Most of the current recruitment support approaches fall under the umbrella of so called Applicant Tracking Systems (ATSs). Available ATSs are comparable to Customer Relationship Management systems, with a focus on supporting discovery and selection of candidates for job opportunities. Such systems are often based on manual collection and annotation of résumés and job opportunities by experienced recruiters, and on rule-based algorithms to identify suitable candidates.

In this paper, we present a preliminary version of a data-driven approach to the problem of automatically generating profiles of professional figures, by extracting relevant information from résumés and job opportunities. A classic and straightforward document similarity calculation approach cannot guarantee satisfactory performance in the ATS domain. This is due to the fact that documents in this domain are mostly similar to each other, and tend to be differentiated by minor aspects. For example, the two sentences “fluent in Python” and “fluent in Java” are extremely similar, but describe two different professional figures. Therefore, a simple document similarity calculation on whole documents could be unsuccessful since it may be prone to simply identify similarly written curricula. For this reason, we employ a composite approach which exploits Natural Language Processing (NLP) techniques, such as word entropy [4], for identifying relevant keywords, and recent distributional semantics techniques, such as word and document vectors [11], in order to represent similar profiles. Further, our approach exploits only the unstructured information contained in résumés. To the best of our knowledge, current ATSs do not support this kind of analysis and require a frequent interaction with the human experts. On the other hand, the development of ATSs has a distinctly commercial nature. Thus, the research community has not been particularly active on this specific topic. Today, with Industry 4.0, there is a growing interest in implementing autonomous and data-driven approaches that can provide insights on how the job market evolves over time, and practical assistance to recruiters. This is definitely a novelty for most commercial ATSs, especially for those targeted to small-to-medium sized companies that focus on a small domain of application.

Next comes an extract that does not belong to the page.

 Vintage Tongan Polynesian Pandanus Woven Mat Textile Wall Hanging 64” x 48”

This paper is the result of a collaboration with the recruitment agency IT Partner ItaliaFootnote 2. The company mostly operates in the field of IT system integration. Due to the high volume of hiring processes managed on a daily basis, IT Partner Italia is aiming to build a next-generation ATS based, among other technologies, on NLP and Machine Learning techniques, in order to help recruiters in their most time consuming activities.

This paper is organized as follows. In Sect. 2 we discuss related work. Section 3 illustrates our proposed approach. Section 4 presents a preliminary evaluation of the approach on a subset of data. Finally, Sect. 5 draws some conclusion.

2 Related Work

Actually, very few researches on the impact of ATSs on the recruitment process have been proposed within the business economics field [5, 10]. In addition, a number of recent approaches have proposed the implementation of data mining and information retrieval techniques both in the recruitment process and in performing job recommendations [9, 16]. However, it is clear that extensive research in the direction of improving software such as ATS is still in its embryonic stage. Today’s ATSs belong to two main categories: direct recruitment and indirect recruitment ATSs.

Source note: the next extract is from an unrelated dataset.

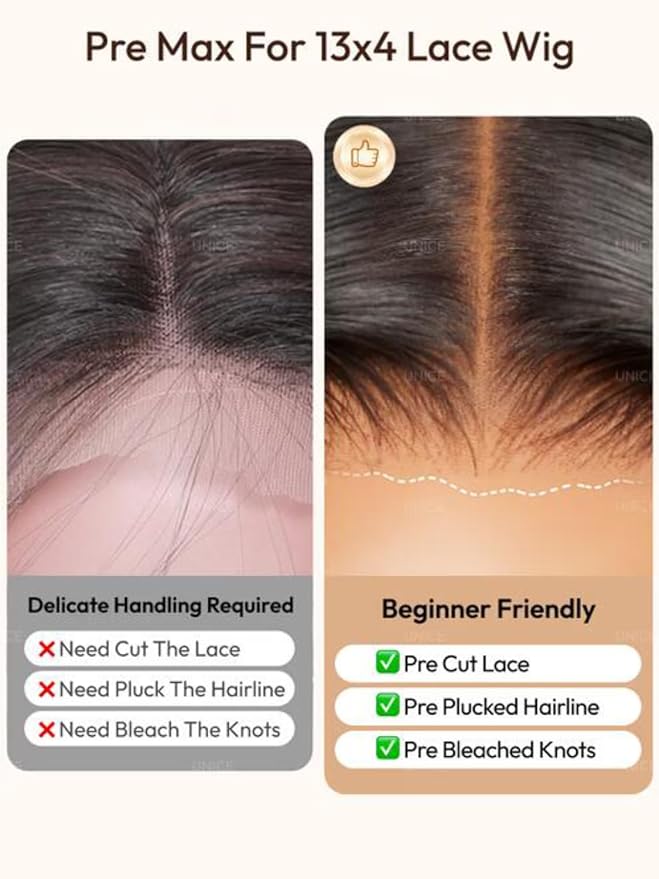 KLAIYI Ombre Highlight Blonde Water Wave Glueless Pre Everything 13x4 Lace Front Wigs Human Hair Drawstring Pre Plucked Pre Bleached Bye Bye Knots Curly Wig with Dark Roots Ready to Wear and Go 22Inch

The target of the first category is the human resources department of a specific company, in order to directly handle the selection of candidates and the employment process. Thus, these ATSs are often developed to be easily integrated with other internal systems such as Enterprise Resource Planners.

Indirect recruitment ATSs, on the other hand, are developed for consulting, recruiting, and interim agencies. For this reason, such ATSs need to satisfy a wider range of criteria, concerning efficiency, autonomy, user-friendliness and speed of execution.

In the field of NLP, we have been observing an exponential growth of approaches aimed at representing words and documents in a semantically meaningful way. Most of such approaches are based on the observation originally proposed in [8] that words with similar meaning occur in similar contexts. Thus, the first steps along this direction were aimed at building implicit vector representation of words, by means of co-occurrences with other words.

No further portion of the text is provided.